Aktuell sei die Lage für das Ortenauer Handwerk vor allem von Lieferengpässen geprägt, berichtet Kreishandwerksmeister Bernd Wöfle. Vor allem Material, für dessen Herstellung viel Energie aufgewandt werden müsse, sei schwer zu bekommen. Foto: Armer

Lieferengpässe, Personalmangel und Energiekosten sind die größten Probleme des Ortenauer Handwerks. Trotz Inflation sind die Auftragsbücher noch gut gefüllt. Ob das so bleibt, ist laut Kreishandwerksmeister Bernd Wölfle jedoch ungewiss.

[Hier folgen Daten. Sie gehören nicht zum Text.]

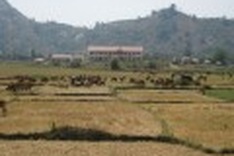 Central Highlands facing a severe drought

Ortenau - Über mangelnde Arbeit können sich die Ortenauer Handwerker nicht beschweren – doch immer noch fehlt es an Material. "Die Lieferzeiten sind – egal in welchem Gewerk – problematisch", berichtet Kreishandwerksmeister Bernd Wölfle im Gespräch mit unserer Redaktion. Anlass ist der Tag des Handwerks am heutigen Samstag. Wölfle selbst ist Zentralheizungs- und Lüftungsbauermeister mit eigenem Betrieb in Lauf. Alles was für Heizungsanlagen erforderlich ist, sei derzeit schwierig zu bekommen. Von Schreiner-Kollegen höre er, dass Türen nicht lieferbar seien, Dachdecker berichteten, dass Ziegel fehlen würden – auch Fenster seien kaum zu bekommen. Großhändler erwarteten Lieferungen, die dann doch nicht kämen.

Kunden müssen mit längeren Wartezeiten rechnen

"Alles was mit hohem Energieaufwand hergestellt wird, ist problematisch", fasst Wölfle zusammen. Die Betriebe müssten ständig "jonglieren", um ihre Aufträge abarbeiten zu können – denn an Kunden mangelt es nicht. "Die Auftragsflut ist bis jetzt ungebrochen", sagt Wölfle. Auch fehlt es an Arbeitskräften – das Resultat sind Wartezeiten für die Kunden. Wölfle geht davon aus, dass sich der Kaufkraftverlust durch Inflation und hohe Gaspreise erst im kommenden Jahr auf die Auftragslage auswirken wird. "Das wird aber sicher kommen."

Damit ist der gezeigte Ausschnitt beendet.